Bürgermeisterin Karoline Linnert übernahm das Eingangs-Statement: „Ausgangspunkt für die Zukunftskommission war, dass es Bremen nach sehr langer Zeit gelungen ist, sich aus einer ausweglosen Finanzlage herauszuarbeiten. Das heißt zwar nicht, dass das Geld jetzt von den Bäumen tropft, dass wir aber aufgrund der guten Verhandlungen in Berlin und des harten Sanierungswegs etwas Luft bekommen, um mehr Geld auszugeben. Ab 2020 stehen etwa 400 Millionen mehr im Haushalt zur Verfügung als jetzt. Wir stellen uns vor, dass ungefähr die Hälfte in den Gebäudebestand und in Neubauten investiert wird und die andere Hälfte in Strukturverbesserungen fließt. Bildung wird dabei eine zentrale Rolle spielen. Dabei geht es unter anderem um die Fragen, ob die Ausstattung mit Personal und dessen Bezahlung so gut ist, wie in vergleichbaren Bundesländern. Auch die Kitabeitragsfreiheit wird etwas kosten“, so die Bürgermeisterin. Schon jetzt sind ca. 55 Prozent der Eltern von KiTa-Kindern von den Beiträgen befreit.

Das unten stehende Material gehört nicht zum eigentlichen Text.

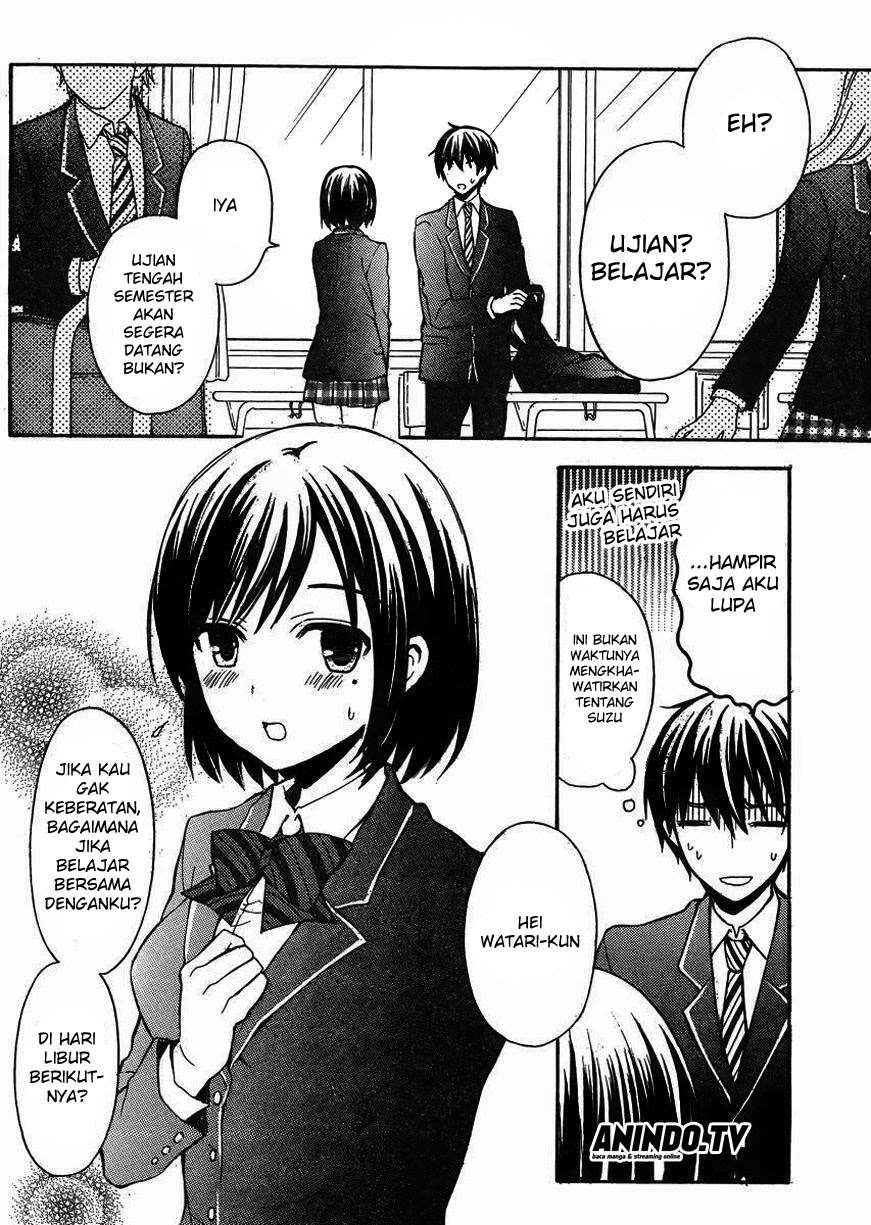 Watari-kun no xx ga Houkai Sunzen Chapter 5 - halaman 7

Linnert betonte zudem, dass im politischen Raum Konsens darüber bestehe, die frühkindliche und die schulische Bildung inklusive Berufsbildung mit mehr Geld auszustatten. Es habe sich aber auch schon einiges getan. „Der Etat für das Ressort Kinder und Bildung ist von 2017 auf 2018 um 100 Millionen Euro gestiegen. Für Kita-Bauten sind im Jahr 2018 20,9 Millionen Euro und 2019 24,3 Millionen Euro eingeplant.“ In dem Doppelhaushalt stünden zudem insgesamt 57,5 Millionen Euro für Schulbauten und 50 Millionen Euro für Gebäudesanierungen zur Verfügung.

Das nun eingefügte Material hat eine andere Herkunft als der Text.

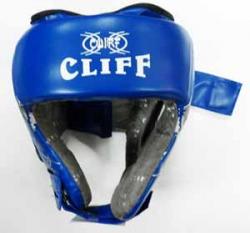 Шлем боксерский CLIFF открытый (DX) синий Шлем боксерский CLIFF открытый (DX) синий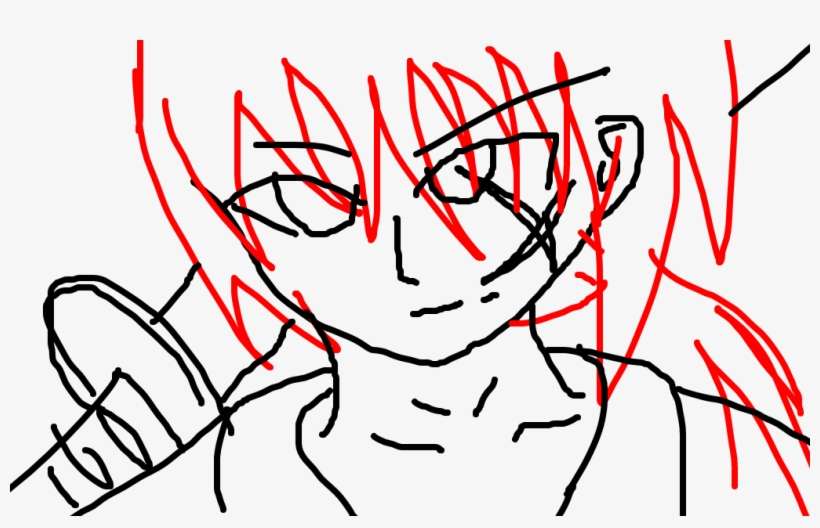Rurouni Kenshin - Line Art, transparent png download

Auf dem Podium diskutierten Dr. Claudia Bogedan, Senatorin für Kinder und Bildung, Pierre Hansen, Zentralelternbeirat (ZEB), Peer Rosenthal, Arbeitnehmerkammer Bremen, Hans-Martin Utz, Leiter der Gesamtschule Ost (GSO) und Stefan Kunold, Koordinator Quartiersbildungszentrum Blockdiek.

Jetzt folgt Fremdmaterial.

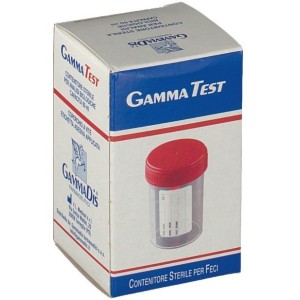 Contenitore sterile per feci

„Gute Bildung von Anfang an – das ist nicht nur ein Slogan. Wir wollen Bildung durchgängig gestalten, wollen Anreize bieten, sich anzustrengen und es spürbar machen, dass es sich lohnt zu arbeiten. Das heißt auch, dass es ein realistisches Ziel geben muss, aufsteigen zu können. Unser besonderer Blick gilt den Kindern, die nicht die leichtesten Bedingungen von Zuhause mitbekommen, weil der Geldbeutel zu klein ist oder quälende Probleme wie Erwerbslosigkeit die Familien belasten. Wir wollen deshalb Ungleiches auch ungleich behandeln. Wir steuern schon jetzt zusätzliche Ressourcen insbesondere dorthin, wo die Not am größten ist. Das wird mit uns auch in Zukunft so sein. Zur Perspektive gehört auch ein Bildungssystem, das mit den berufsbildenden Schulen einen gelingenden Übergang in den Arbeitsmarkt bietet. Wer in dieser Gesellschaft ein selbstbestimmtes Leben führen möchte, der muss in Arbeit sein“, sagte Bogedan. Die Bildungssenatorin ging auch auf den notwendigen lokalen Bezug und die Stadtteilöffnung der Schulen ein. Der Sozialraum gehöre dazu, Kooperationen mit außerschulischen Institutionen, Vereinen und Initiativen ebenfalls.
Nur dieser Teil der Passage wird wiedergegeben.